Captioned web image data:
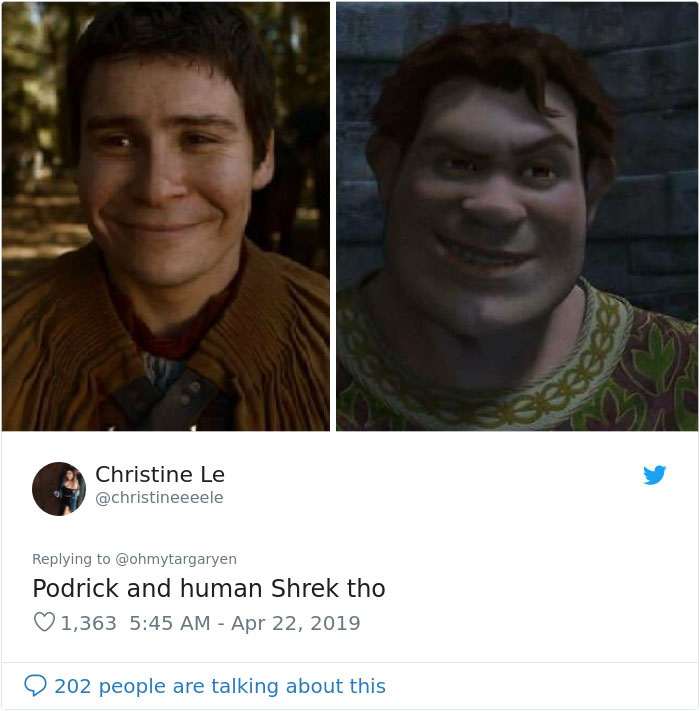 Someone Compared 'Game Of Thrones' To 'Shrek' In 17 Scenes And The Similarities Are Incredible Someone Compared 'Game Of Thrones' To 'Shrek' In 17 Scenes And The Similarities Are Incredible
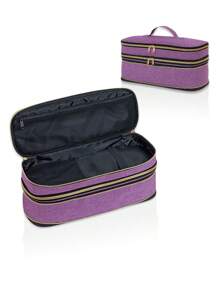 Hair Dryer Travel Carrying Case Dual-Layer, Slim Expandable Handheld Travel Storage Bag, Curling Iron Storage Bag For Dryer/Hair Tool Organizer/Style Organizer(Blue) Bag,Room Decor, Bags,Makeup Bag,Vanity,Travel,Make Up Bag,Travel Essentials,Organizer,Storage,Travel Essential,Makeup Organizer,Makeup Bags,Make Up Organizer,Organiser,Toiletry Bag,Desk Organiser,Cosmetic Bag,Makeup Pouch,Make Up Organize,Vanity Accessories,Make Up Pouch,Make Up Bags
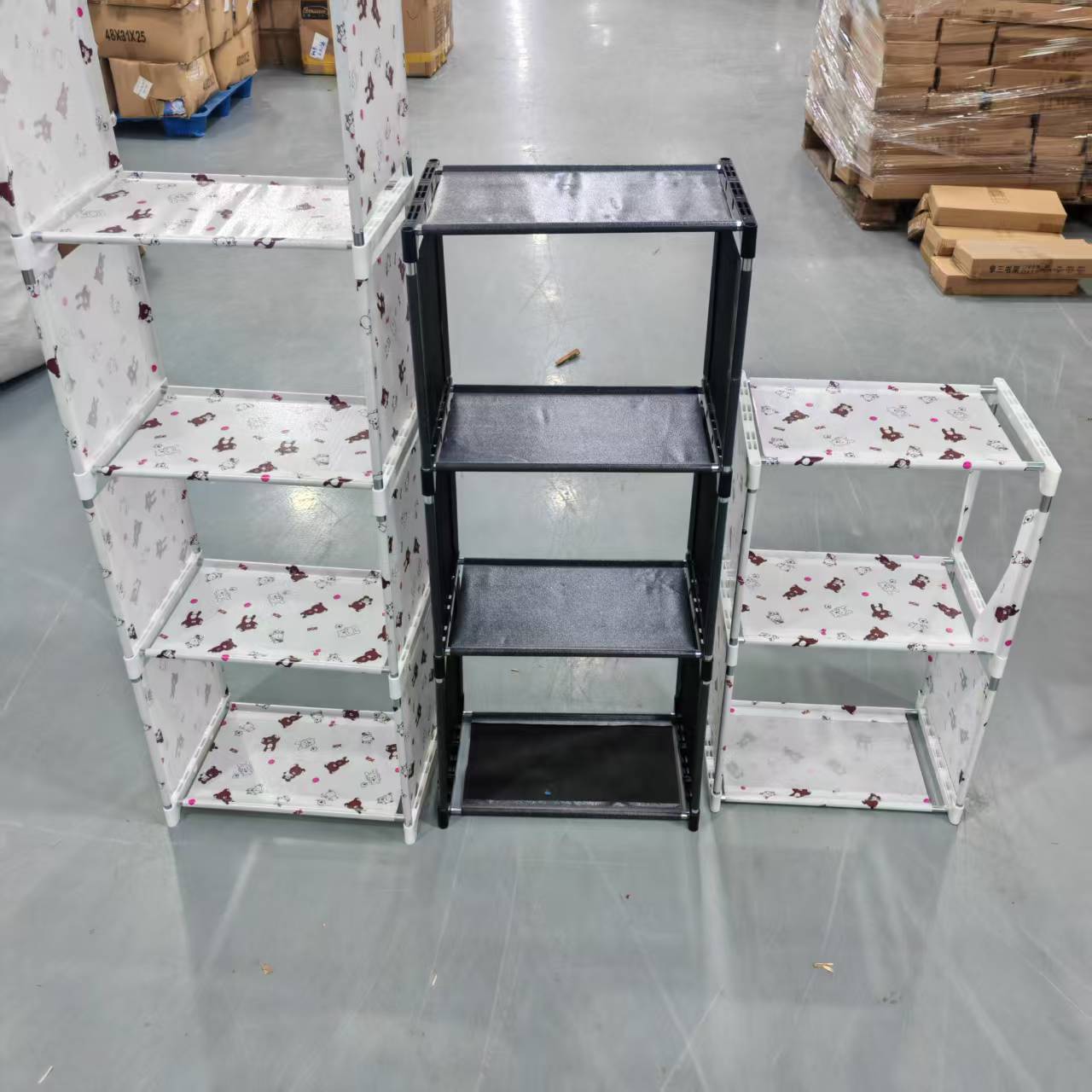 简约风可拆装鞋架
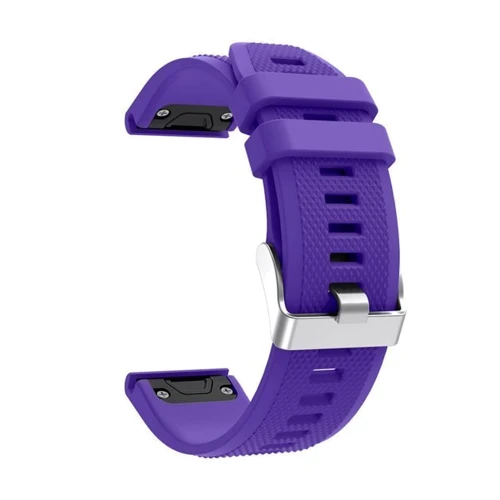 Ремешок Garmin QuickFit 22 Dots Silicone Band Purple (QF22-DTSB-PURP)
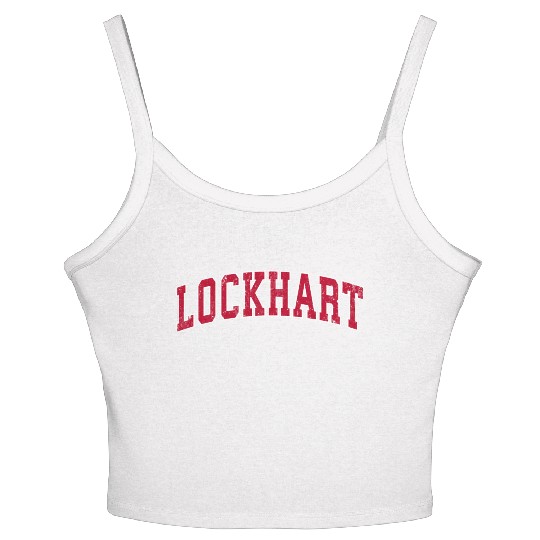 Lockhart Texas Tx Sports Red Women's Spaghetti Strap Tank Top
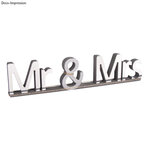 Mot en MDF "Mr et Mrs"  FSC Mix Credit  24x1 5x5 5cm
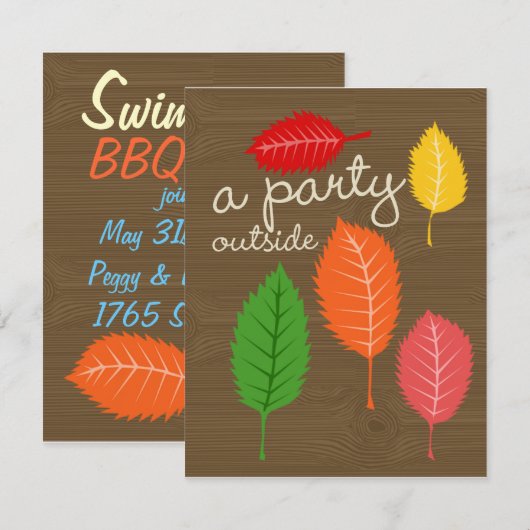 een partij buiten kaart (Voorkant / Achterkant)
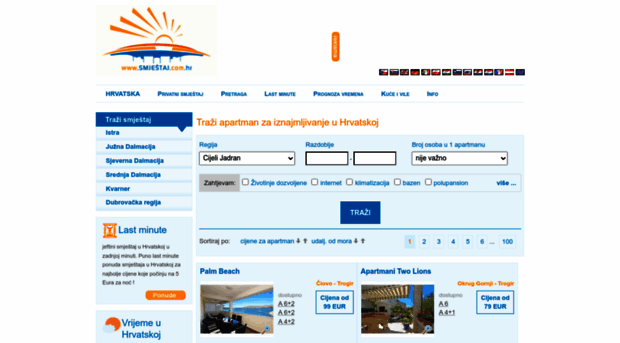 online.smjestaj.com.hr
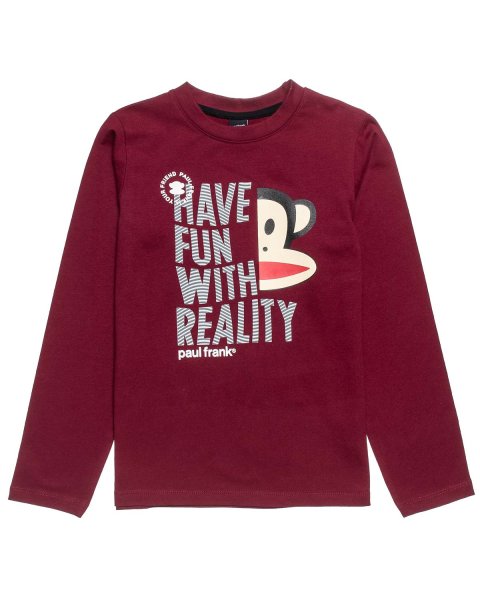Long sleeve top Paul Frank with embossed design (6-14 years)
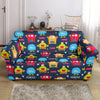 Monster Fluffy Pattern Print Loveseat Cover-grizzshop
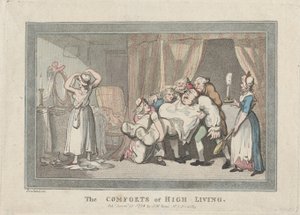 The Comforts of High Living、1794 年 12 月 16 日、1794 年 12 月 16 日。 作： Thomas Rowlandson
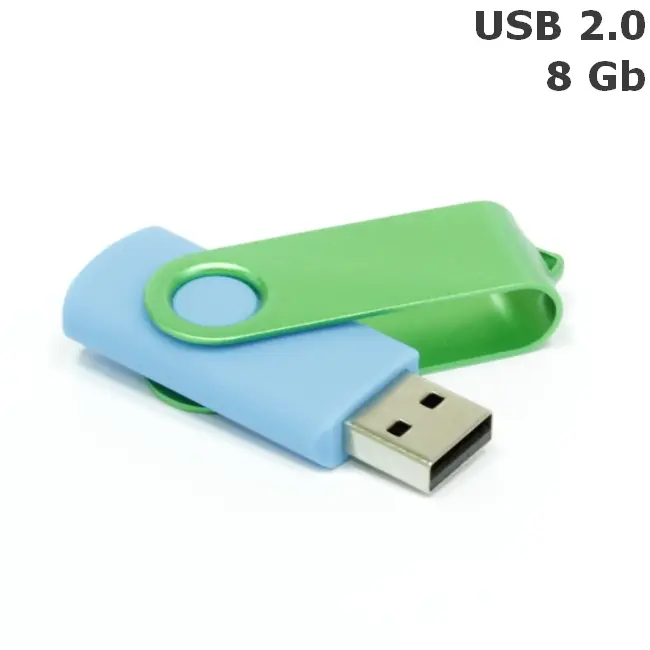 Флешка 'Twister' 8 Gb USB 2.0 Голубой Зеленый 3673-60
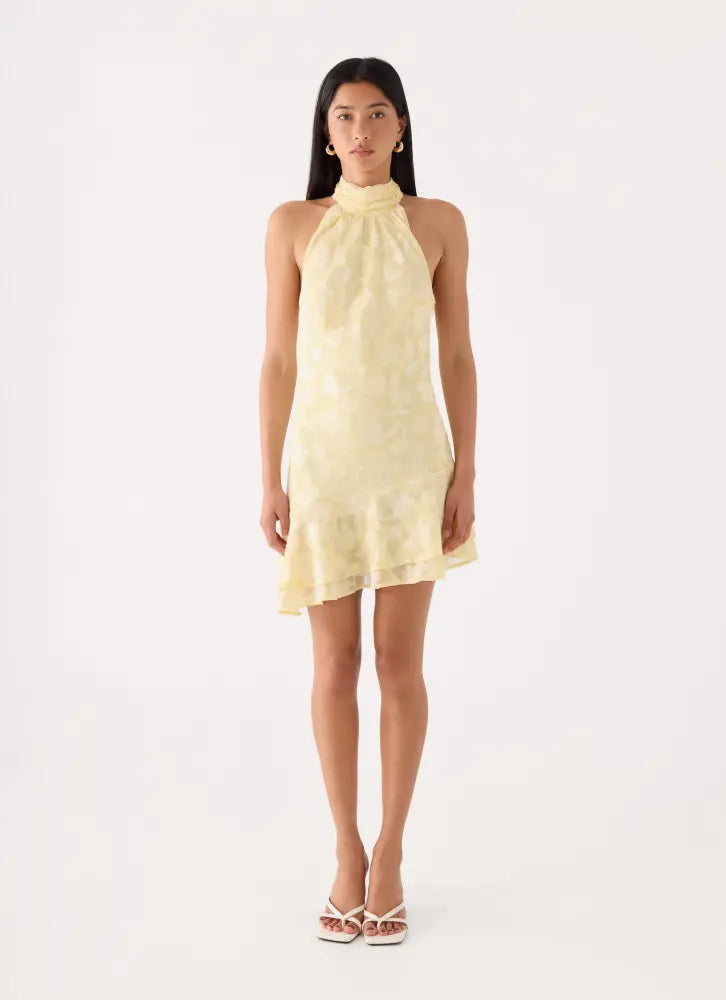 Recents Mini Dress - Yellow - Mini Dresses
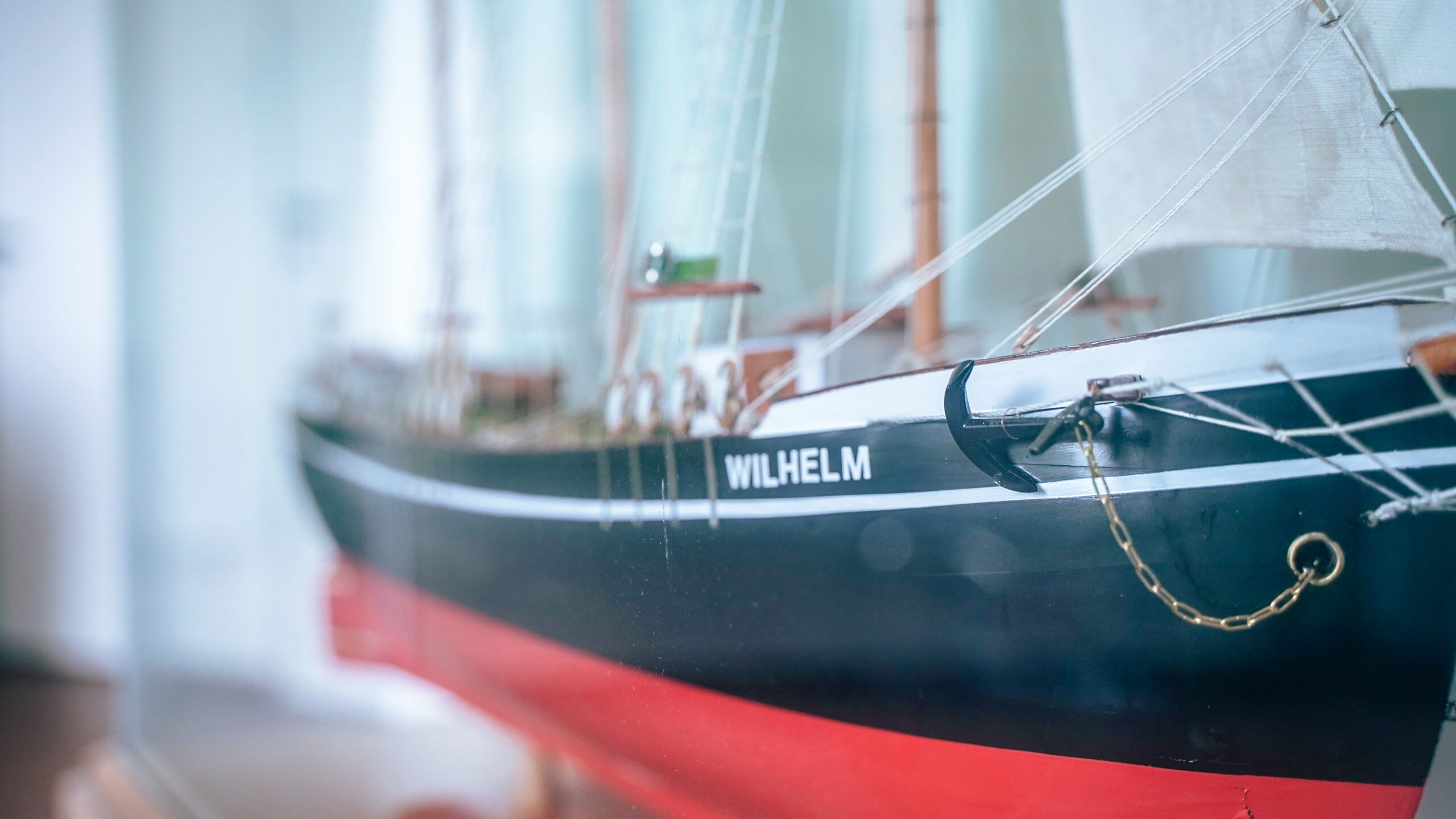 Dieses Bild zeigt ein Miniatur Schiff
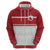 Queensland Tonga Custom Zip Hoodie QLD with Tongan Ngatu Pattern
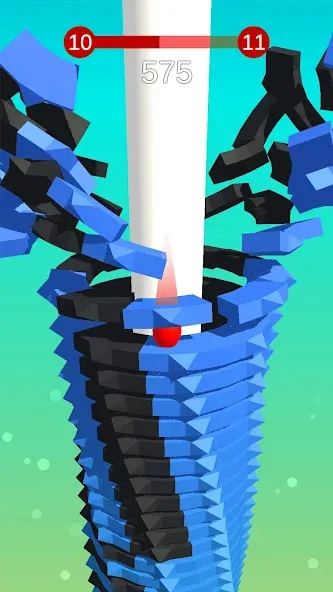 Взлом Stack Ball - Crash Platforms — Много денег — скриншот 1
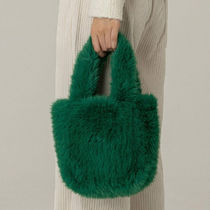 【molliolli】COYA25 fur tote bag トートバッグ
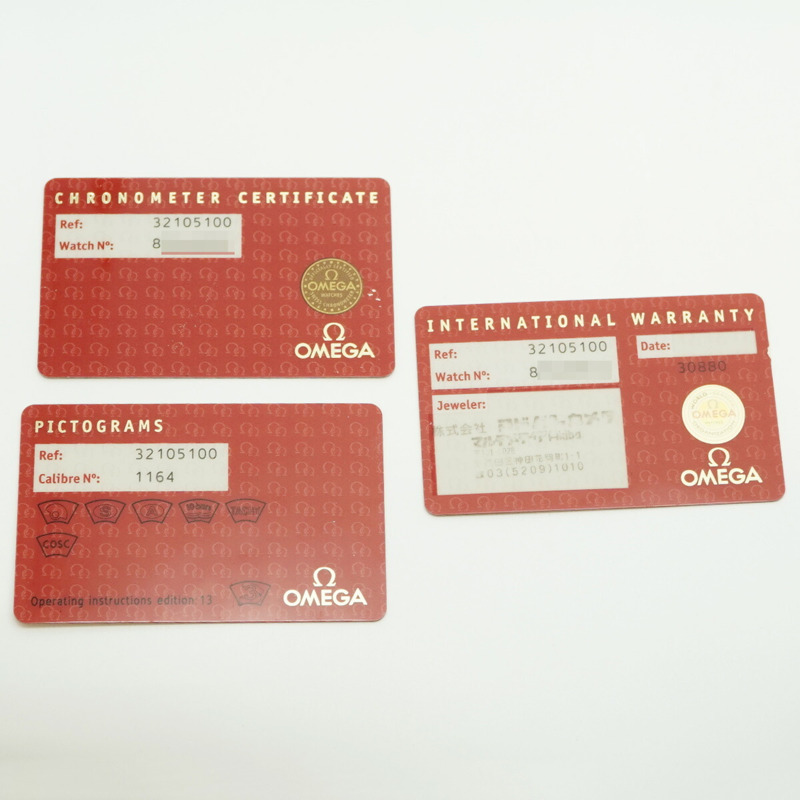 歐米茄超霸系列3210.51黑色錶盤男士腕錶-1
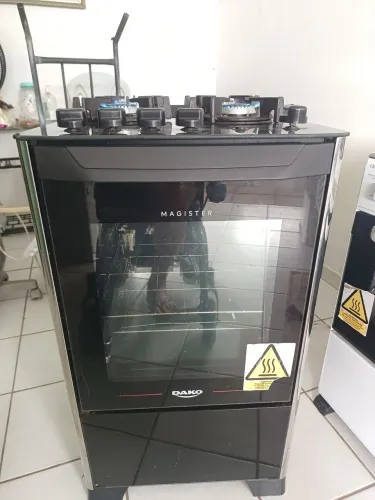 Fogão automático total semi novo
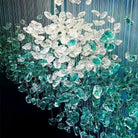 Crystal Stone Crystal Spiral Chandelier - Support customized drawingsBlushlighting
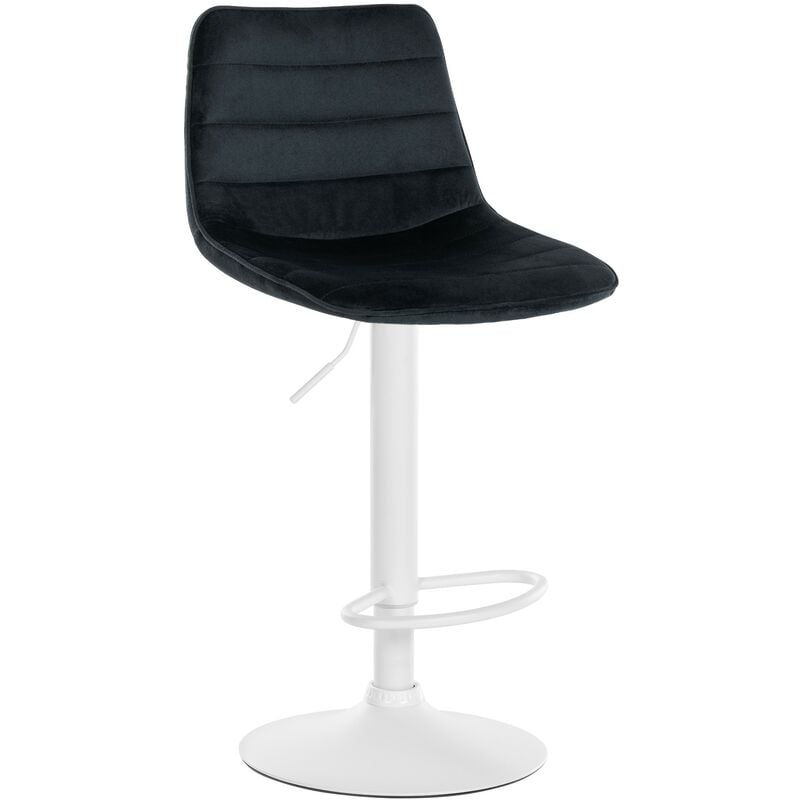 foto del prodotto clp sgabello da bar lex velvet nero bianco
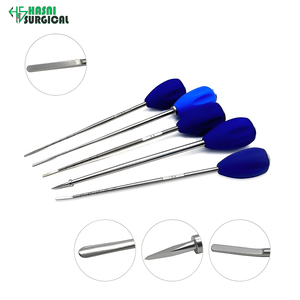 Juego de 5 instrumentos ortopédicos manuales de acero inoxidable: abridores de conos, agujeros y conos elásticos para huesos. - Product Image 1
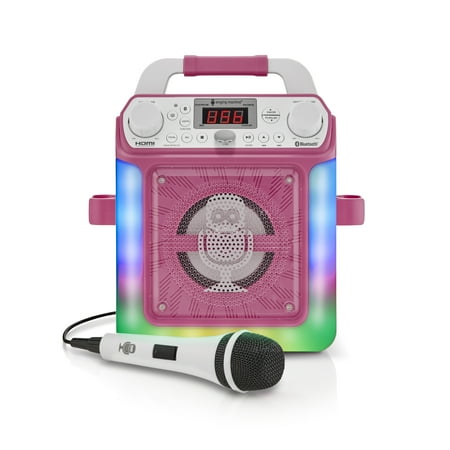 Singing Machine Groove Mini Karaoke System - Pink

What the task asks:
Repeat the entries word for word and skip the pictures.

Result:
 Someone Compared 'Game Of Thrones' To 'Shrek' In 17 Scenes And The Similarities Are Incredible Someone Compared 'Game Of Thrones' To 'Shrek' In 17 Scenes And The Similarities Are Incredible
 Hair Dryer Travel Carrying Case Dual-Layer, Slim Expandable Handheld Travel Storage Bag, Curling Iron Storage Bag For Dryer/Hair Tool Organizer/Style Organizer(Blue) Bag,Room Decor, Bags,Makeup Bag,Vanity,Travel,Make Up Bag,Travel Essentials,Organizer,Storage,Travel Essential,Makeup Organizer,Makeup Bags,Make Up Organizer,Organiser,Toiletry Bag,Desk Organiser,Cosmetic Bag,Makeup Pouch,Make Up Organize,Vanity Accessories,Make Up Pouch,Make Up Bags
 简约风可拆装鞋架
 Ремешок Garmin QuickFit 22 Dots Silicone Band Purple (QF22-DTSB-PURP)
 Lockhart Texas Tx Sports Red Women's Spaghetti Strap Tank Top
 Mot en MDF "Mr et Mrs"  FSC Mix Credit  24x1 5x5 5cm
 een partij buiten kaart (Voorkant / Achterkant)
 online.smjestaj.com.hr
Long sleeve top Paul Frank with embossed design (6-14 years)
 Monster Fluffy Pattern Print Loveseat Cover-grizzshop
 The Comforts of High Living、1794 年 12 月 16 日、1794 年 12 月 16 日。 作： Thomas Rowlandson
 Флешка 'Twister' 8 Gb USB 2.0 Голубой Зеленый 3673-60
 Recents Mini Dress - Yellow - Mini Dresses
 Dieses Bild zeigt ein Miniatur Schiff
 Queensland Tonga Custom Zip Hoodie QLD with Tongan Ngatu Pattern
 Взлом Stack Ball - Crash Platforms — Много денег — скриншот 1
 【molliolli】COYA25 fur tote bag トートバッグ
 歐米茄超霸系列3210.51黑色錶盤男士腕錶-1
 Fogão automático total semi novo
 Crystal Stone Crystal Spiral Chandelier - Support customized drawingsBlushlighting
 foto del prodotto clp sgabello da bar lex velvet nero bianco
 Juego de 5 instrumentos ortopédicos manuales de acero inoxidable: abridores de conos, agujeros y conos elásticos para huesos. - Product Image 1
 Singing Machine Groove Mini Karaoke System - Pink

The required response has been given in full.